Is it just me, or does it seem like everything is more expensive these days? I can’t put my finger on the reason for it, but lately it just seems that money drains from my bank account at an unprecedented rate, and not just because my debit card was hacked. So, I’ve redoubled my efforts to seek out do-it-yourself alternatives to household products.
One of the things my household goes though really quickly is hair products. Yes, the dreaded time has come for me to write about hair.
When the missus decided to grow her hair after wearing it short for years and years, we discovered to our astonishment that she was blessed with a lush mane of ringlets. As this ravishing cornucopia of curls grew, so did its thirst for shampoo and conditioner.

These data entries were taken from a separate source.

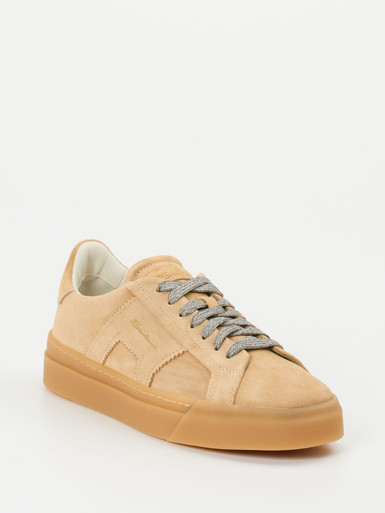 Santoni – Low-Top Sneaker aus Veloursleder sandbeige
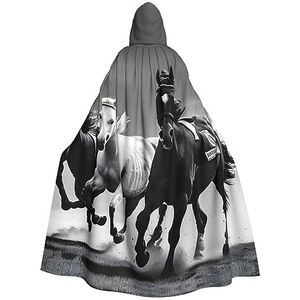 WURTON Zwart-witte paarden rennen mystieke mantel met capuchon voor mannen en vrouwen, ideaal voor Halloween, cosplay en carnaval, 185 cm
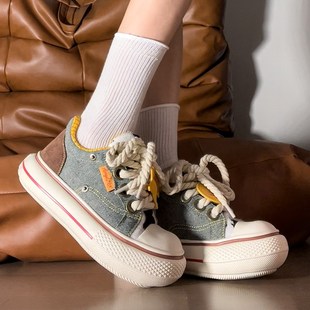 胡迪牛仔帆布鞋男女鞋秋季u休闲厚底板鞋增高丑萌大头鞋子情侣鞋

At first, we purchased the excellent locally-made products available in many local stores’ bulk sections. This was a substantial savings over buying the same, or similar, prepackaged products, with the added benefit of being zero-waste, as we used our own plastic bottles over and over.
Still, though, at nearly a buck an ounce, the expense of moisturizing milady’s insatiable curly coiffure was tangling up our frazzled finances.
This capillary conundrum led me, as ever, to the tangle of the interwebs, where I found a plethora of hair care recipes. And it’s not just fringe types like us; the DIY hair care field is a beehive of activity. I got to work, and here’s what I came up with:
I thought this would be the most problematic, but it was actually the simplest.
In a clean squeeze bottle, mix ¼ cup of Castile soap with ¼ cup of coconut milk. Shake.
Yup, that’s it.
Add a few drops of essential oil if you like to smell purty.
The shampoo will separate as it sits around. Just give it a good shake before using it.
This mixture has a higher pH than your skin and scalp, so if you’re sensitive, try following it up with the following rinse/conditioner or just a straight vinegar rinse.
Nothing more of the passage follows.